Reconnecting to the WellA mudline suspension system also incorporates tieback tools to reconnect the mudline hanger to the surface for re-entry and/or completion. These tieback tools can be of two types: threaded and stab-in (see Fig. 8.16). The tieback tools are different from the running tools in that they makeup into their own dedicated right-hand makeup threaded profile. The stab-in tieback tool offers a simple, weight-set, rotation-lock design that provides an easy way to tie the well back to the surface. A surface wellhead system is installed, and the well is completed similarly to the method used on land drilling operations.
The mudline suspension system has been designed to accommodate tying the well back to the surface for surface completion, and it also can be adapted for a subsea production tree. A tieback tubing head can be installed to the mudline suspension system at the seabed, and a subsea tree can be installed on this tubing head.
The Unitized Wellhead
The unitized wellhead is very different from the spool wellhead system because it incorporates different design characteristics and features. The unitized wellhead, shown in Fig. 8.17, is a one-piece body that is typically run on 13 3/8 -in. casing through the BOP and lands on a landing shoulder located inside the starting head or on top of the conductor itself. The casing hangers used are threaded and preassembled with a pup joint. This way, the threaded connection can be pressure tested before leaving the factory, ensuring that the assembly will have pressure-containing competence. Gate valves are installed on the external outlet connections of the unitized wellhead to enable annulus access to each of the intermediate and the production casing strings.
After the next hole section is drilled, the casing string, topped out with its mandrel hanger, is run and landed on a shoulder located in the ID of the unitized wellhead. A seal assembly is run on a drillpipe tool to complete the casing-hanger and seal-installation process. Each additional intermediate casing string and mandrel hanger is run and landed on top of the previously installed casing hanger without removing the BOP stack. Besides saving valuable rig time, the other advantage of the unitized wellhead system over spool wellhead systems is complete BOP control throughout the entire drilling process.
The unitized wellhead (Fig. 8.18) consists of the following components:
- Unitized wellhead body.
- Annulus gate valves.
- Mandrel casing hangers.
- Mandrel tubing hangers.
- Metal-to-metal sealing for the annulus seals.
Mandrel Casing HangersThe mandrel casing hangers (see Fig. 8.19) are a one-piece construction and are manufactured to meet the casing and thread types specified by the customer. The mandrel casing hanger has a 4° tapered sealing area on its OD. The mandrel hanger still also incorporates running threads and seal-assembly threads to facilitate installation. The hanger carries a lock ring that locks the hanger down when the seal assembly is installed. The mandrel casing hanger lands on either the shoulder located in the bottom of the unitized wellhead body or on top of the previous casing hanger.
Seal AssemblyThe seal assembly incorporates a metal-to-metal or elastomeric seal (Fig. 8.20), which is run on a running tool through the BOP stack once the casing has been cemented. The seal assembly seals off the pressure from above and below and isolates the annulus from the wellbore. The annulus can still be monitored through the outlets on the unitized wellhead body and the gate valves mounted to them.
There is a full range of tools available for the unitized wellhead system:
- Wellhead-housing running tool.
- BOP test tool.
- Casing-hanger running tool.
- Seal-assembly running and retrieving tool.
- Wear-bushing running and retrieving tool.

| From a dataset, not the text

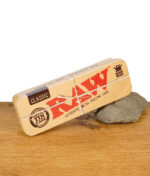 RAW Metal Tin Case King Size geschlossen auf einem Stein platziert auf Holztisch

The unitized wellhead is more often used with platform-development projects than with exploration applications.
Drilling a Well Subsea
The subsea wellhead system (Fig. 8.21) is a pressure-containing vessel that provides a means to hang off and seal off casing used in drilling the well. The wellhead also provides a profile to latch the subsea BOP stack and drilling riser back to the floating drilling rig. In this way, access to the wellbore is secure in a pressure-controlled environment. The subsea wellhead system is located on the ocean floor and therefore must be installed remotely with running tools and drillpipe.

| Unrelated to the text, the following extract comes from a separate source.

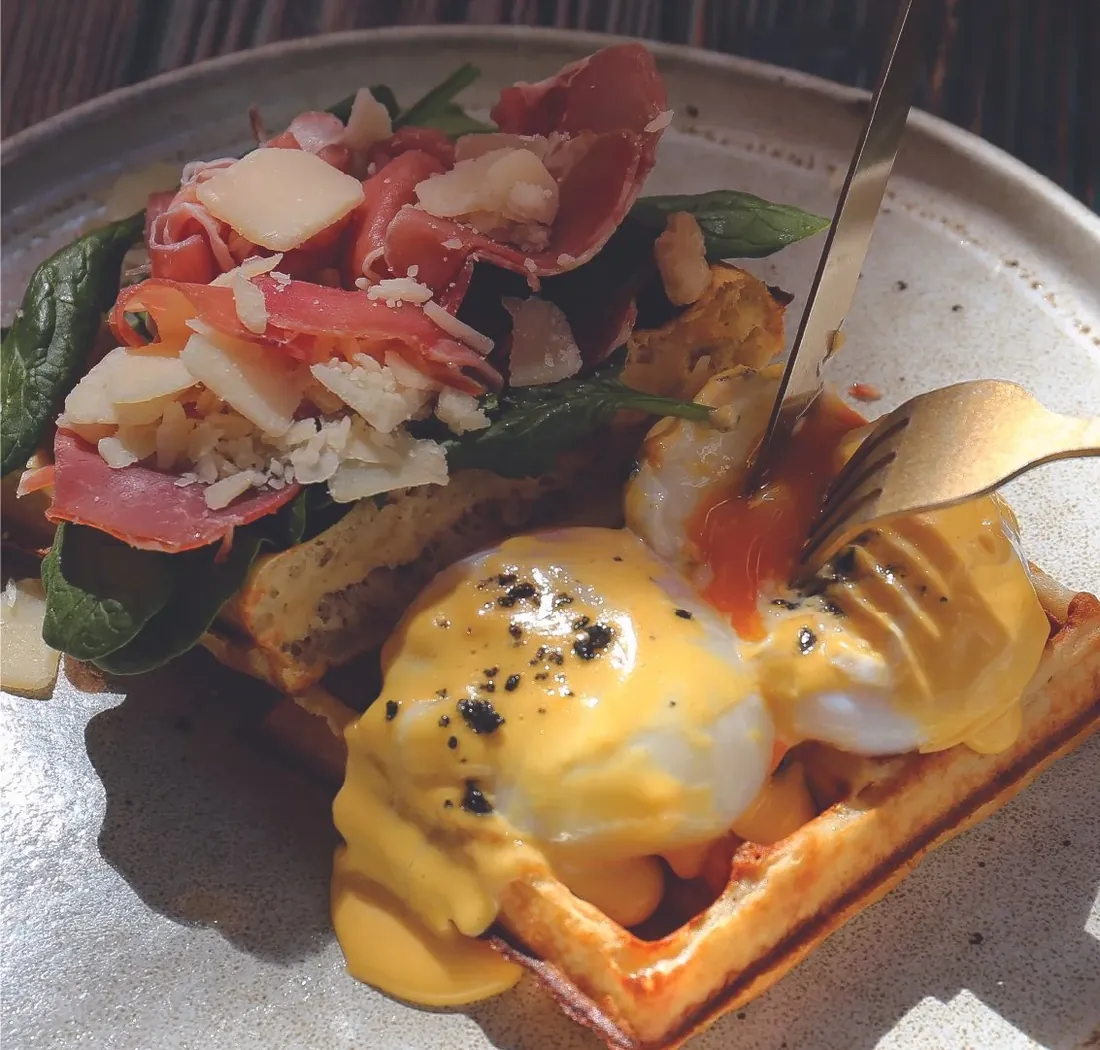 Prosciutto benedict waffle with poached eggs and hollandaise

The subsea wellhead ID is designed with a landing shoulder located in the bottom section of the wellhead body. Subsequent casing hangers land on the previous casing hanger installed. Casing is suspended from each casing-hanger top and accumulates on the primary landing shoulder located in the ID of the subsea wellhead. Each casing hanger is sealed off against the ID of the wellhead housing and the OD of the hanger itself with a seal assembly that incorporates a true metal-to-metal seal. This seal assembly provides a pressure barrier between casing strings, which are suspended in the 18¾-in. wellhead.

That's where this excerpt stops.